Тут со мной случилось то, что я бы не хотела называть «мистическим». Я просто увидела, как с Иосифа опадают, осыпаются те свойства, которые мешали нам ладить друг с другом. Позже, а может, и тогда я подумала, что же из этого следует.

Мне кажется, трудные свойства мешают только при общении. Они, по меньшей мере, ставят нерешаемые задачи. Апостол пишет: «Если возможно с вашей стороны, будьте в мире со всеми…» Иосиф еще ничего, а бывает что-то, подобное рассказу мудрой Тэффи: человек, скажем так, с прихотями дает два противоположных распоряжения. Это нелегко, и не надо говорить тому, кто от этого устал, кисло-сладкие слова. Если ты сам в таких случаях ставишь ближнего на место или кричишь на него — твое дело, но не учи другого милости и не думай, что у тебя она есть.

К счастью, шероховатость в отношении к Иосифу исчезла начисто, хотя и поздновато. С конца 60-х до середины 90-х она оставалась, хотя и латентно. Скажем, ехали мы с Томасом к отцу Станиславу и я, хваля стихи, жалея Иосифа, как-то ее проявила. Мягчайший Томас высадил меня из машины, а потом догнал и попросил прощения. Лучше было бы, если бы я начисто лишилась лишних чувств и мнений сразу после того, как перестала общаться с Иосифом, то есть на четверть века раньше того звонка.
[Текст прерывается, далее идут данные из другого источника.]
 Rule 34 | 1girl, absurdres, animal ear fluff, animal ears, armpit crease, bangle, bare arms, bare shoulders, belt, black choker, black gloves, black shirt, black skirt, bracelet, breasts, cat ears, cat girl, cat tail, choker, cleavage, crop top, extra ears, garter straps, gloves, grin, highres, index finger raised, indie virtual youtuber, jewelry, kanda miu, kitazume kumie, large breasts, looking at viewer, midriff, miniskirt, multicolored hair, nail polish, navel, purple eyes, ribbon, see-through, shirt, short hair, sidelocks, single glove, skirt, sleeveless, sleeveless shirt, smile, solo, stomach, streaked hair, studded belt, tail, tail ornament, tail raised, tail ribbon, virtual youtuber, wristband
Самое существенное здесь, что это — очень трудно. Если читатель сочтет, что он выше, или лучше, или милостивей этого, он почти наверное ошибется. Царапины саднят, тем более — раны (здесь их не было). Чтобы забыть о них, помня о человеке, своими силами не обойтись. Это, как многое другое, Божий подарок — и только тем, кто этого хочет.

Что до Иосифа, умелый ангел дал мне подсказку. Стала я перечитывать сборник Томаса Венцловы «Собеседники на пиру» и увидела такие слова (Бродский ссылается на Мандельштама):

Главное опровержение тезиса о том, что Восток есть безнадежная тирания и энтропийная черная дыра, для меня заключается в самом явлении поэта, во всем его творчестве […] Я думаю, что страна и народ уже оправдали себя, если они создали хоть одного совершенно свободного человека.

Им он и был, а спрашивать кротости с тех, кто оказался третьим, если не четвертым поколением советской поры, — поистине жестоко.